Having done stints in the streets of London, New Orleans, Los Angeles and New York, where Banksy has been working on his latest “show” Better Out Than In, he still considers himself a member of the graffiti community no matter how “arty” his style.
Yet most graffiti heads (myself included), having grown-up in New York City admiring the work of Dondi, SEEN, Daze and countless others, Banksy’s work doesn’t really look like any of the graffiti that I used to see back in the day. While I admire the work, there’s a British art school drollness to Banksy’s images that’s funny and smug while reminding one of something a too-cool advertising exec might produce. Still, I can’t help feeling that the way he creeps through the city like an artistic superhero that refuses to be unmasked is interesting.
While Banksy might prefer anonymity, his work has become highly collectable and valuable. After the release of his (mock?) documentary Exit Through the Gift Shop became an Oscar contender, Banksy’s fame grew, as has the animosity from critics and fellow graf writers, most of whom don’t think of him as a writer at all.
Since the beginning of Banksy’s month-long stay in New York City (where he’s done new works on the Lower East Side and East New York, Brooklyn), some locals started charging visitors $20 to get a peep, and a few of his pieces have been defaced.
Painter and Clever Agency founder Molaundo Jones, who’s been a Banksy fan since 2009, says, “I really dig his style, creative concepts, and the intention behind the work. The fact that he has become an international phenomenon and no one can point him out in a lineup is awesome in itself. But as for people defacing his latest works, that’s simply a hazard of being a graffiti artist. Anyone who’s seen Beat Street can get a sense of how ugly things can get with competition and straight up envy in that world.”
Sacha Jenkins, co-author of Piecebook: The Secret Drawings of Graffiti Writers, says, “I think to a certain extent, writing your name over and over can become boring. And some guys are better than others at doing that. So I appreciate the unpredictable nature of what Banksy does.
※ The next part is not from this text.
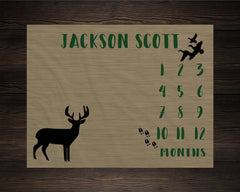 Hunting Boy Milestone Blanket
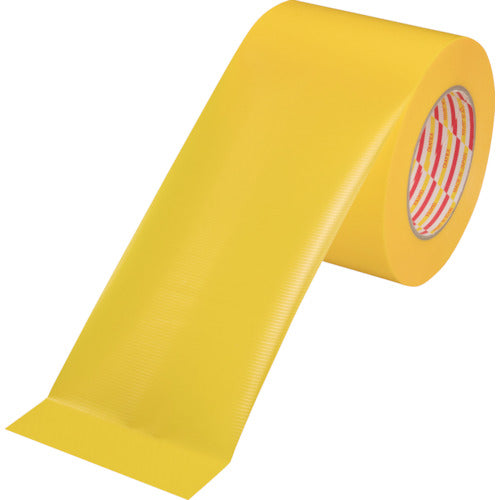 パイオラン　ラインテープ　１００ｍｍ×５０ｍ　黄　L-10-YE-100MM　1 巻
“However, money is tight these days, and the guys who used to write their names just for fun and local fame now want to be paid too. Banksy is getting that cheese, and writers want an elephant-size fridge full of it. That is where jealousy, to a certain extent, weighs in.”
Hip-hop historian Bill Adler, co-author of DEFinition: The Art and Design of Hip-Hop, says, “I think Banksy is quite prolific and brilliant. But, much like his film Exit Through the Gift Shop, there is an obnoxiousness to him. He wants to have it both ways, to be an outlaw as well as an art star, and the whole thing is just way too slick.”
In a recent Village Voice interview with Banksy via email, the artist said, “Commercial success is a mark of failure for a graffiti artist. We’re not supposed to be embraced in that way.”
Legendary writer Cey Adams, who channeled his talents into becoming a respected graphic designer for Def Jam and Nike, says snidely, “I’m happy the market for his type of art has jumped through the roof. Maybe people will now see the artist value in ‘real’ graffiti art here in America.”